Reputation: 391
I have a panel data that records the employment status of individuals across different years. Many of them change jobs over the time span of my data. I want to capture these transitions and conduct second-order Markov Chain Analysis (Using the previous two transitions to predict the likelihood of next one). To do so, I need to convert my data to (1) merge the previous two transitions into string sequences and (2) put the sequence and the next transition side by side. For example:
Year Person Employment_Status
1990 Bob High School Teacher
1991 Bob High School Teacher
1992 Bob Freelancer
1993 Bob High School Teacher
1994 Bob Researcher
1990 Peter Singer
1991 Peter Singer
1990 John Singer
1991 John Dancer
1990 James Actor
1991 James Actor
1992 James Producer
1993 James Producer
1994 James Investor
The ideal output should look like below (Note that the records of Peter and John are not included because they don't have enough previous transitions to be used.

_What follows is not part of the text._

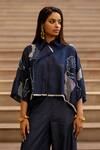 AK-OK_Blue Denim Sequins, Embroidery Collared Patchwork Jacket_Online_at_Aza_Fashions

Peter has no transition and John in total has two):
From To
High School Teacher-Freelancer High School Teacher
Freelancer-High School Teacher Researcher
Actor-Producer Investor
Upvotes: 0
Views: 48
Reputation: 96
There are probably more efficient ways to do this, but the following should work and has the benefit of being able to follow the steps to ensure the correct output.
library(dplyr)
library(fuzzyjoin)
# Remove consecutive duplicates of preson & employment_status
clean_df <- df %>%
arrange(
Person, Year
) %>%
mutate(
Combo = paste(Person, Employment_Status, sep = '_')
) %>%
filter(
!dplyr::lag(Combo, n = 1, default = "1") == Combo
) %>%
select(
-Combo
)
# Find the next employment transition
first_transform <- clean_df %>%
fuzzyjoin::fuzzy_left_join(
y = clean_df %>%
select(
Next_Year = Year
, Person
, Next_Employment_Status = Employment_Status
)
, by = c(
"Year" = "Next_Year"
, "Person"
, "Employment_Status" = "Next_Employment_Status"
)
, match_fun = list(
`<`
, `==`
, `!=`
)
) %>%
filter(
!is.na(Next_Year)
) %>%
group_by(
Person.x, Year
) %>%
rename(
Person = Person.x
) %>%
select(
-Person.y
) %>%
dplyr::slice_head(n = 1)
# Concatenate first employment transition and look for the next
first_transform %>%
mutate(
From = paste(Employment_Status, Next_Employment_Status, sep = "-")
) %>%
left_join(
y = first_transform %>%
select(
Person, Year
, To = Next_Employment_Status
)
, by = c(
"Person" = "Person"
, "Next_Year" = "Year"
)
) %>%
ungroup() %>%
filter(
!is.na(To)
) %>%
select(
From, To
)
Upvotes: 1